So just the ETL portion is that slow? That's really odd. I think I see faster performance than that ETLing on Hadoop. Unless there's something complex going on here.
Did you see the steps being performed in the workflow? How would you perform these steps on hadoop and what kind of times would you expect for the different steps in the workflow?
I went back to see and only just realized you had a “TLDR here’s the full details” bit. Missed that and saw only the 5x faster ETL which I figured was what you were crowing about. I’ll have to look at the rest later. I still don’t get why the ETL phase has to be so slow but maybe it’ll be obvious when I look, like you’re doing extensive transformations or something. But no one would just call that “just ETL”. Anyway, I’ll see for sure later.
Cacaw! I am glad the crowing reached you :). You probably did not get far if you are still on the old numbers that was in the first paragraph.
ETL can be very extensive. For example, we first built this when we had to take data from 15 different database systems that represented individuals and their pension contributions and join across these systems. It was a largish join about ~4 tables from each system so around a 60 table join.

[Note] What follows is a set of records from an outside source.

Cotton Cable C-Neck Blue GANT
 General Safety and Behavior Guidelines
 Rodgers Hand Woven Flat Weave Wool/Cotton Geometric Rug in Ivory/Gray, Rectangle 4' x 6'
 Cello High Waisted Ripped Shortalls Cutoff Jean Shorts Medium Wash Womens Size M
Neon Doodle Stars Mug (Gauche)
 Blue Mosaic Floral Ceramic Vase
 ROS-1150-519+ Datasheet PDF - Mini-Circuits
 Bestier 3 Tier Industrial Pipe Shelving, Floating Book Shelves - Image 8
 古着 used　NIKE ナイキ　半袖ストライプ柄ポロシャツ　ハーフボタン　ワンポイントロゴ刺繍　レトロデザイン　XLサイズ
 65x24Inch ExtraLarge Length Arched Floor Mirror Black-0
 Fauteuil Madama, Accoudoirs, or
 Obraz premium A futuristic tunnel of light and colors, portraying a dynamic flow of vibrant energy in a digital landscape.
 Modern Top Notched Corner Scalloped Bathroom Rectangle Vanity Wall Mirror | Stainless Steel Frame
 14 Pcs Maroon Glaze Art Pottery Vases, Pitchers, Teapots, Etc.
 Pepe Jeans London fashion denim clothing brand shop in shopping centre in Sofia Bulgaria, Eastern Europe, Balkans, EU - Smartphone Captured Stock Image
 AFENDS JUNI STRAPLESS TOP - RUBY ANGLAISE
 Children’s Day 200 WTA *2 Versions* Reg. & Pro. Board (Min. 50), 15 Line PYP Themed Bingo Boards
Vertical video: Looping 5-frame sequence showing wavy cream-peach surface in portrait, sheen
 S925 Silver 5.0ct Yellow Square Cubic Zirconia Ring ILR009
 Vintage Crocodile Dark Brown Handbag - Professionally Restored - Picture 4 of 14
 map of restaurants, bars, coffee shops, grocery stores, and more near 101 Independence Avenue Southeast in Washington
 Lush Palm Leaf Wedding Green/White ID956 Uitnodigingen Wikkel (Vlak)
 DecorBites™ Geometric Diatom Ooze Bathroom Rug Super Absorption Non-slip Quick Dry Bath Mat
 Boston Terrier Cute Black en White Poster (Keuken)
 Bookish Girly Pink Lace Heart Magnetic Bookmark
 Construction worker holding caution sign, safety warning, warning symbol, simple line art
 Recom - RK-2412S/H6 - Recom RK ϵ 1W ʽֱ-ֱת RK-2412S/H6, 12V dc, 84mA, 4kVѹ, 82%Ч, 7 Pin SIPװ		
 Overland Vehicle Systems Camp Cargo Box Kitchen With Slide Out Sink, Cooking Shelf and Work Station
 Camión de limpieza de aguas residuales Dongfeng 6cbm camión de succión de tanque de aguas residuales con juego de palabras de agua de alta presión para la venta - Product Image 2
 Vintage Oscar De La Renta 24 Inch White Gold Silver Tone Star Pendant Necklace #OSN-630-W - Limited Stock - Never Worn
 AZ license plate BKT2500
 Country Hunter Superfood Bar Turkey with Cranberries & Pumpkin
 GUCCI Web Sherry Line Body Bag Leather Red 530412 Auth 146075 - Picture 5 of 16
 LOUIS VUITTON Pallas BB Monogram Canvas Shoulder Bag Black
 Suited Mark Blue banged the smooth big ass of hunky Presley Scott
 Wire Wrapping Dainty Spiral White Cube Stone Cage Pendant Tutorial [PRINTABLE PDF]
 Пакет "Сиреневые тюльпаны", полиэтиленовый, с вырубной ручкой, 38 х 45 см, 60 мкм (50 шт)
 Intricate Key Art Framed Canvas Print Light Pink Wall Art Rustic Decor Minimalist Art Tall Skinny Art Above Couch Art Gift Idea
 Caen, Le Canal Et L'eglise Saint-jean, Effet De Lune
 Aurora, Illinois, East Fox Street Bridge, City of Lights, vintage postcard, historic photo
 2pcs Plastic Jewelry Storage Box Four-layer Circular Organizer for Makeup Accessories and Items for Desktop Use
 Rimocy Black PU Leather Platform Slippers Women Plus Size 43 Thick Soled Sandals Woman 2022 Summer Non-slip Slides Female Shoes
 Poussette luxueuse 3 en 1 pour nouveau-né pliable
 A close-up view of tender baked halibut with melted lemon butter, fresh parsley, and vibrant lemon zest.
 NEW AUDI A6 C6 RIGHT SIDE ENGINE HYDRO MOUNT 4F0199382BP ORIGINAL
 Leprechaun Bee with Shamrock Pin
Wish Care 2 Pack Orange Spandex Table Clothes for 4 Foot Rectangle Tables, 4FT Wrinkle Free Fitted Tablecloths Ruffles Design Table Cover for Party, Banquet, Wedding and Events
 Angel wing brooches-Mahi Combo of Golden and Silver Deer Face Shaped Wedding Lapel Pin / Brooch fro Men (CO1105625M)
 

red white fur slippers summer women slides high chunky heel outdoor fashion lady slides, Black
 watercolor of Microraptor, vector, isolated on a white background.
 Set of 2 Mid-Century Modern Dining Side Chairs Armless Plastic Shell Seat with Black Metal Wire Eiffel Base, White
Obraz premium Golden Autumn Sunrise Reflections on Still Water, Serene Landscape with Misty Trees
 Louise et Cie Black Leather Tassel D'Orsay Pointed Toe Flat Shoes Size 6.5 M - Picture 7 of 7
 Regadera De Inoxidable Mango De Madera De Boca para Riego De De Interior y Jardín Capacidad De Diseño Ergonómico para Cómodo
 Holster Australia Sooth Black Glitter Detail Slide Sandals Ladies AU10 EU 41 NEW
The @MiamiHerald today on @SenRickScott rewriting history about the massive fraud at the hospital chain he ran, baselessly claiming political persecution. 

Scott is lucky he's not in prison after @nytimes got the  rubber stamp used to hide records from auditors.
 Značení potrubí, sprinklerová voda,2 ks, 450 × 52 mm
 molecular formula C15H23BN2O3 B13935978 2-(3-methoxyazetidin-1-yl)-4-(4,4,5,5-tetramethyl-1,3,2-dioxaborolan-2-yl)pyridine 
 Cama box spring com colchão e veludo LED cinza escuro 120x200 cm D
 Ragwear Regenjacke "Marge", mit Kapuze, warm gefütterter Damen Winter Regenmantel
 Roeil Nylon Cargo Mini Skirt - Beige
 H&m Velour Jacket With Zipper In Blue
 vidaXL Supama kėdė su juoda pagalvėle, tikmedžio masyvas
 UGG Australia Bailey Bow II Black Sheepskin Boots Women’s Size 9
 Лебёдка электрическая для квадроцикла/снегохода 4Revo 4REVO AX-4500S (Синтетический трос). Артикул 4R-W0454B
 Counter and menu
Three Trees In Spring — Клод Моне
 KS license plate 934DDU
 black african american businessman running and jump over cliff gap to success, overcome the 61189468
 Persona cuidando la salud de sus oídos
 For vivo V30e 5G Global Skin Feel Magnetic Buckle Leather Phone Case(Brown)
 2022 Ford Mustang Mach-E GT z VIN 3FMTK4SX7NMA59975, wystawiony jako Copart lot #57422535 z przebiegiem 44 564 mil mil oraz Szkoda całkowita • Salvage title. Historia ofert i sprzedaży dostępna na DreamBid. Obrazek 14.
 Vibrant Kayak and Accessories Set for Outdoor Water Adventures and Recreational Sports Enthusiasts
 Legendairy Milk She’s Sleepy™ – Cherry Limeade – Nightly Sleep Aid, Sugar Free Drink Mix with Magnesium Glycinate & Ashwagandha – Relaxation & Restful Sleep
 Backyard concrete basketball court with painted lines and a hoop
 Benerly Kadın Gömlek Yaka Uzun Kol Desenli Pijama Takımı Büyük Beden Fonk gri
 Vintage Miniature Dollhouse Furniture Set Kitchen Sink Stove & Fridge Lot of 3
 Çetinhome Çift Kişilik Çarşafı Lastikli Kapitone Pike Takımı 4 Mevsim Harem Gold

That was "JUST ETL". The job was preparing the data for training. ETL is often times a large part of people's workflow. Looking for needle situations in a haystack. That can be JUST ETL. If you believe there is a more apt word for extracting data from a system, performing unspeakable transformations on it, then making that information available to another process then please tell me. Being of Peruvian stock myself I take great license with my language and grammar.